The company once pursued a chunk of the high- end corporate networking market, but lost out to Cisco Systems Inc. It also acquired U.S. Robotics three years ago, and is now shedding it because of the pressures it put on 3Com's profit margins.
In the past, analysts have blamed false starts and slow decision-making for the company's stagnant sales growth. Complicating things further is the question of what 3Com will do without Palm, its crown jewel. It is generally agreed among analysts that the March spin-off of 6% of Palm made sense because Palm had grown into a business model entirely different from 3Com's. Yet they also agree that when the remaining 94% is distributed in July, 3Com will rid itself of the buoy that is keeping its stock price afloat.
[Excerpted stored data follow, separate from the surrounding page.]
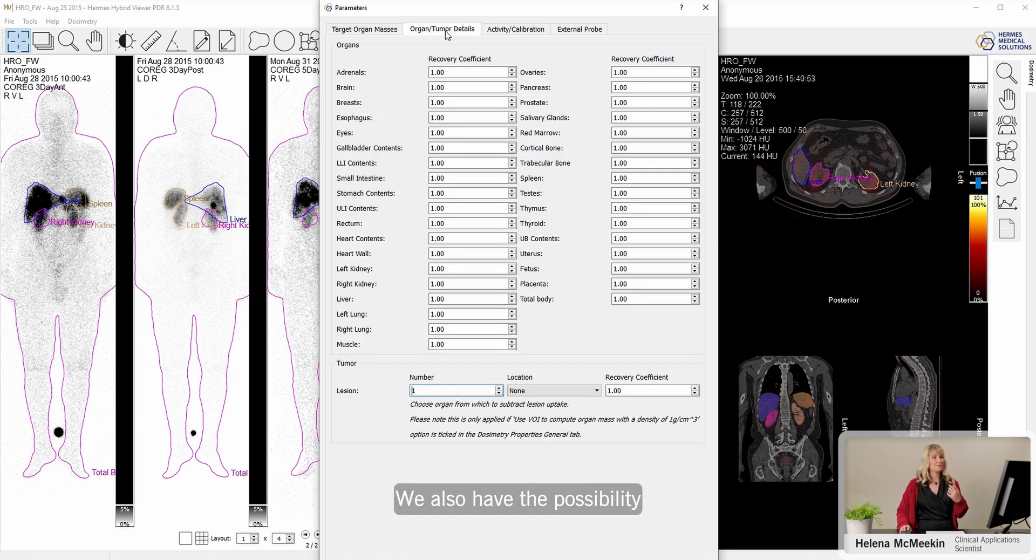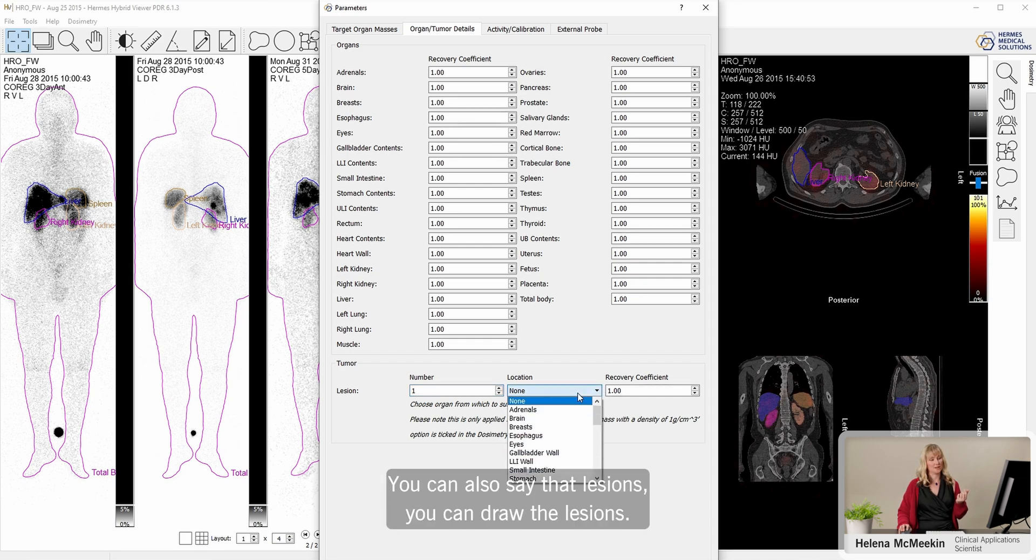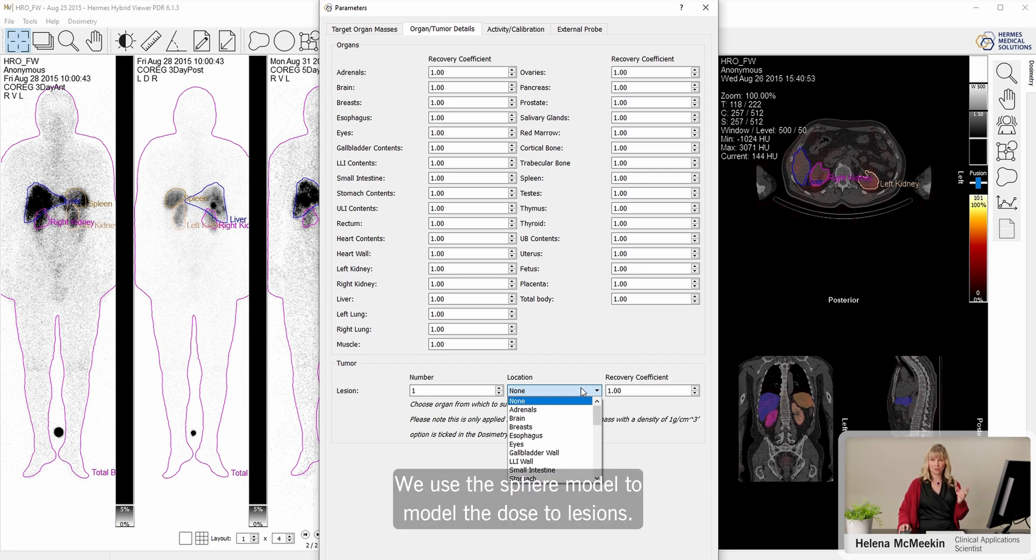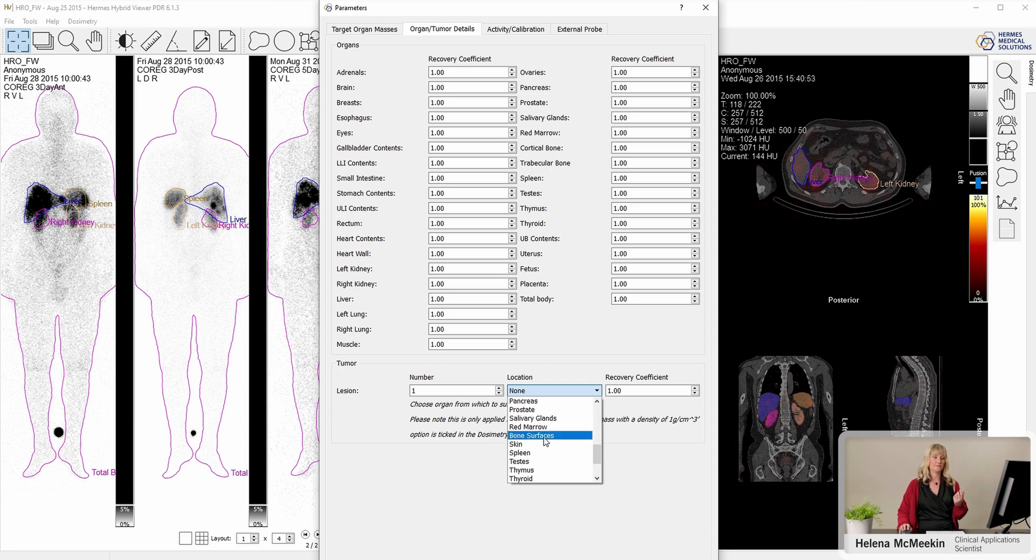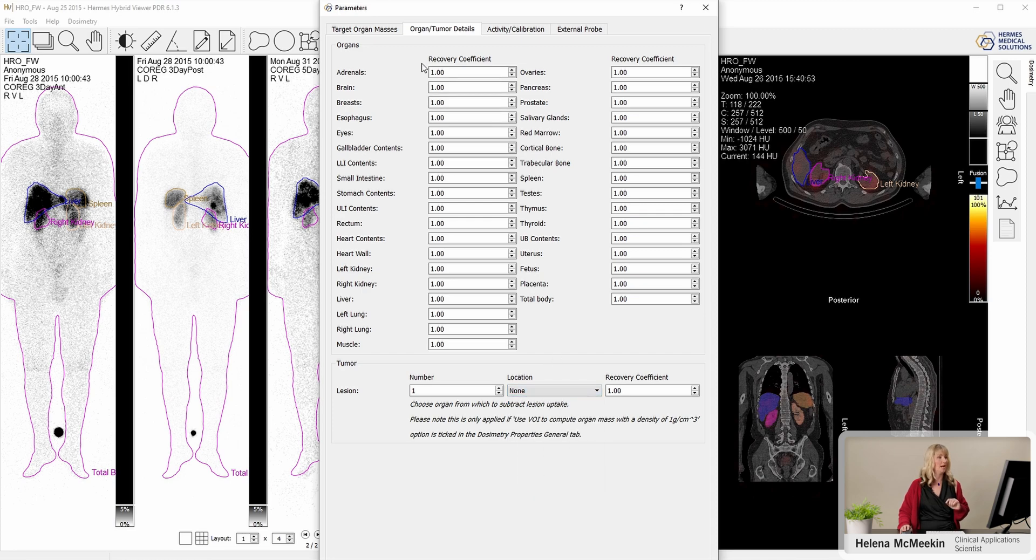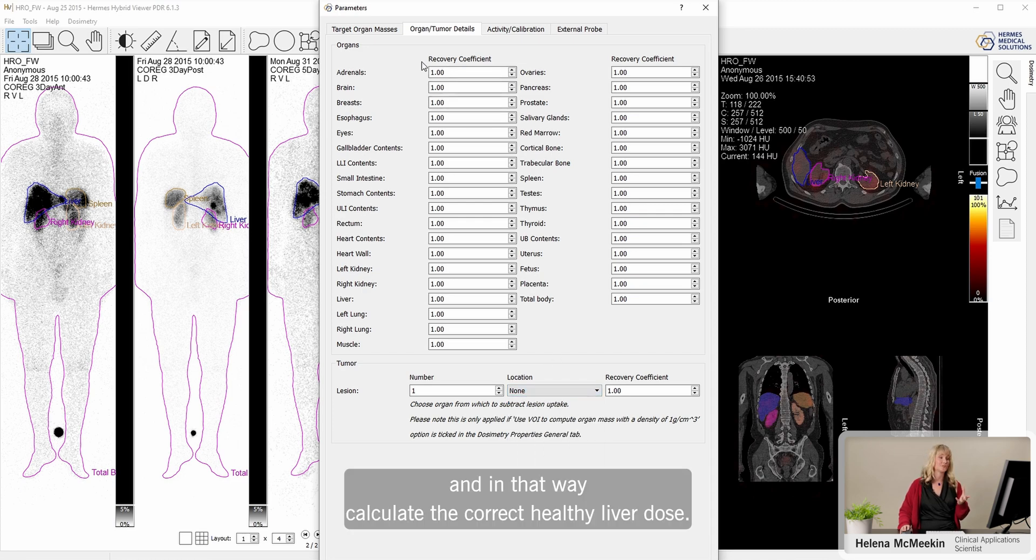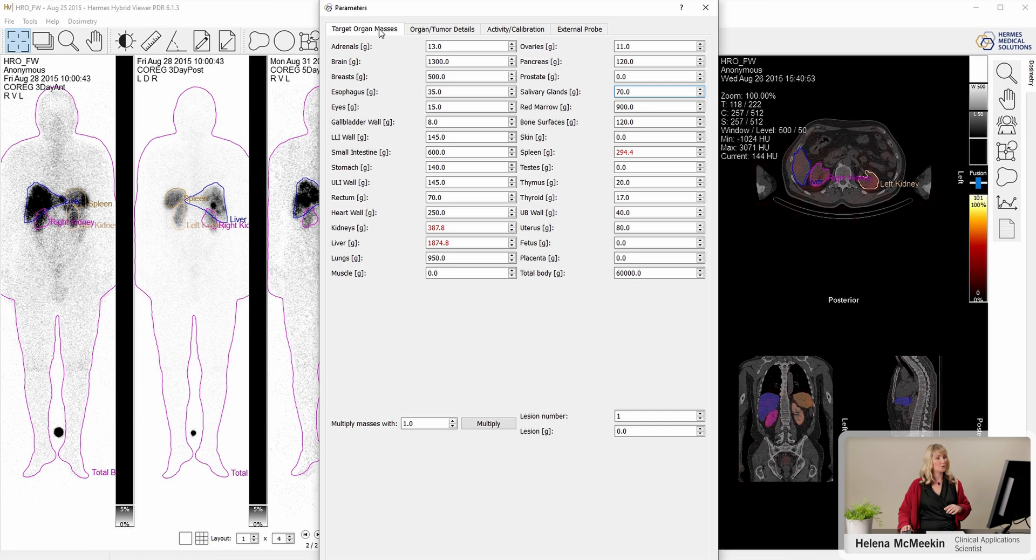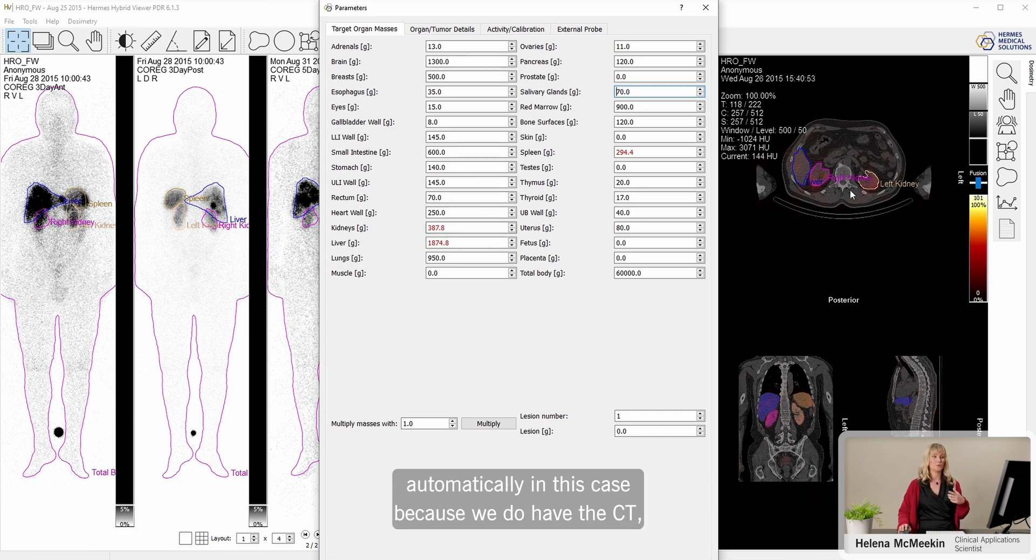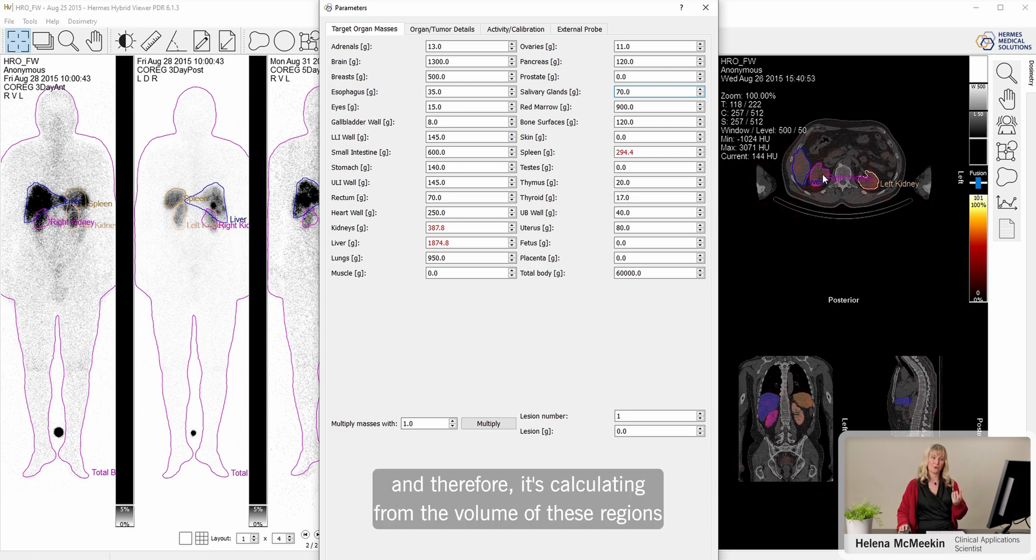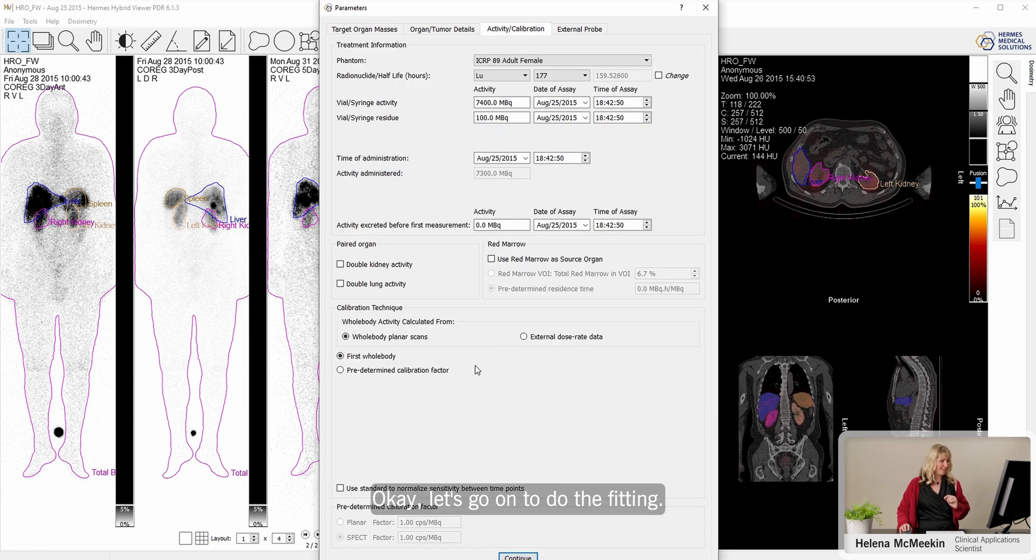We also have the possibility to set some recovery coefficients for different organs if you know them. You can also draw lesions. We use the SPHERE model to model the dose to lesions, and then you can take that out of a particular organ if there's a tumor in the liver, for example. You could remove that and in that way calculate the correct healthy liver dose. It's also possible to scale the organ masses. In fact, the application is doing that automatically in this case because we do have the CTs. We have regions that we know correspond to those organs, and therefore it's calculating from the volume of these regions what their mass will be and just overwriting the information already there with this.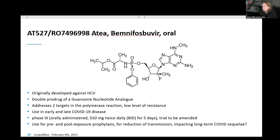The third polymerase inhibitor is bemnifosbuvir, originally developed against HCV — hepatitis C. Interestingly, it addresses two targets in the polymerase reaction and therefore has a low level of resistance. The phase three study is ongoing; however, the company decided to amend the study because many patients enrolled had no high risk for late development of severe disease, and so they will now include more high-risk patients to better demonstrate efficacy.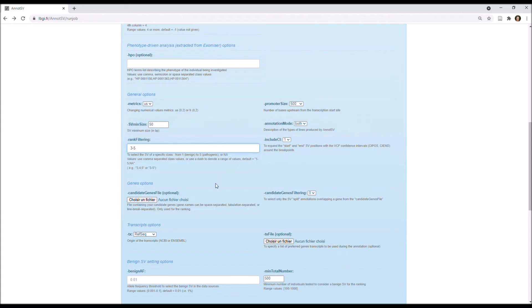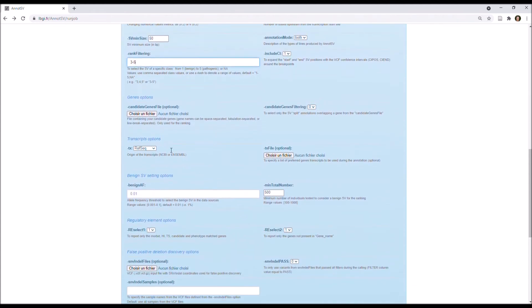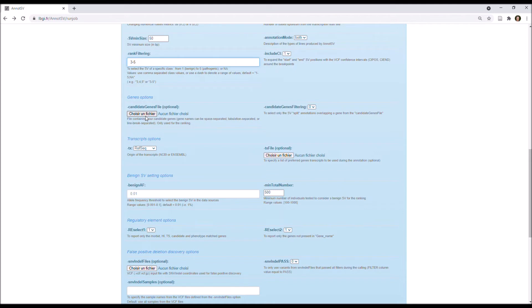You also have options specific to the genes, so you can upload a candidate genes file containing your candidate genes, your genes of interest, and this will be used during the ranking. Moreover, you can set the candidate genes filtering option to 1 to report only the split lines describing your gene of interest.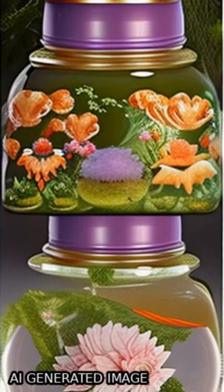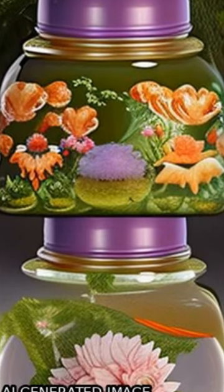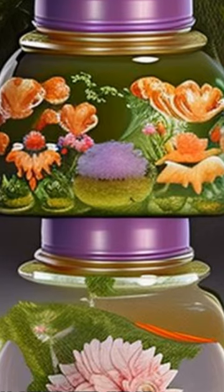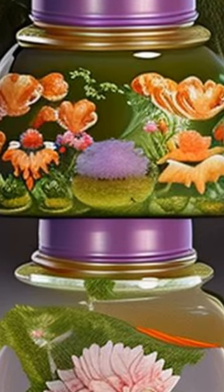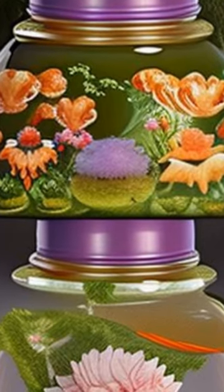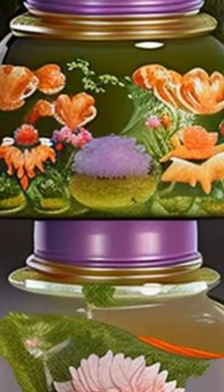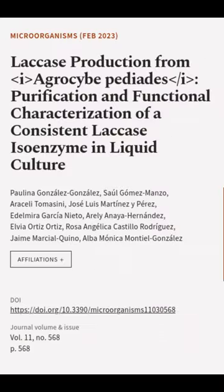This enzyme has a high affinity for its substrate, 2,6-dimethoxyphenol, and can be used to degrade various pollutants. This article was authored by Paulina Gonzalez Gonzalez,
Still, 3Com's management is confident that this time, things will change. Rescoe says the restructuring plan brings "dramatic simplification." The company will renew its focus on what Rescoe considers its two main strengths, manufacturing and distribution capability. It has sold its cumbersome analog modem business to Asian companies NatSteel and Accton. In addition to the small and midsize networking market and home Internet connections for consumers, the company plans to launch a line of home Internet appliances. The first device, which lets users check E- mail and their favorite Web sites quickly, is scheduled to be introduced this fall.
Analysts concur with the logic of these changes, but are reserved about predicting the turnaround that the management is heralding. "The restructuring is logical," says Martin Pyykkonen, of the San Francisco office of CIBC Oppenheimer. "But it's not enough in the sense that [the company] is still keeping a revenue base with growth issues-only 15 percent to 20 percent of its revenue comes from high-growth markets," such as DSL modems, LAN telephony, or cable modems. He also expresses only a lukewarm enthusiasm for 3Com's product line, putting it only in the "OK to good" range.
Charles Rutstein, senior analyst at Forrester Research, in Cambridge, Mass., says the company's simplification efforts, though laudable, are insufficient, and that the synergy among the remaining product lines is unclear. He is particularly skeptical of the broadband business's fit. "That should go. It doesn't make any sense," he maintains.
Andy Schopick of Westport, Conn.-based Nutmeg Securities, is also wary of being overly optimistic about the success of the reorganization. "The outcome is uncertain," he says. "With the distribution of Palm, 3Com becomes a company that is searching for market opportunities. [The restructuring] is a process that is going to take an extended period of time before we can measure results in any tangible way." Still, he remains confident in 3Com's fundamentals: "3Com is a company very rich and deep in financial resources, with an outstanding management team."
Indeed, in the effort to sell the new 3Com to investors, Rescoe is leveraging those rich resources, billing the company as a value play. He considers the company's $3 billion in cash, no debt, real estate properties, and dozens of investments in technology start-ups as evidence that the company is a solid investment in today's volatile market. But rich resources notwithstanding, tech companies are rarely seen as value stocks.
Are people buying it? CIBC Oppenheimer's Pyykkonen sees the label as spin- doctoring. "There's a school of thought that says the notion of a value tech stock is a contradiction. In other words, it means there's a problem." Schopick suggests that the company has far to go before it emerges as a real winner in the market: "It is a value play- -now. It has lots of cash, and investors recognize that it's not going to be profitable for a while."
Rescoe insists Wall Street is receiving the pitch warmly and sees 3Com's "large, unrecognized value." Yet 3Com's stock performance paints a different picture. Since the company announced its restructuring plans on March 20, when the stock closed at 68 1/2, it has fallen to the mid-40s to lower-50s range, and remains there today. Apparently, the Street needs convincing. "[3Com has to] keep swinging the ax," says Forrester's Rutstein. "They're not out of the woods yet."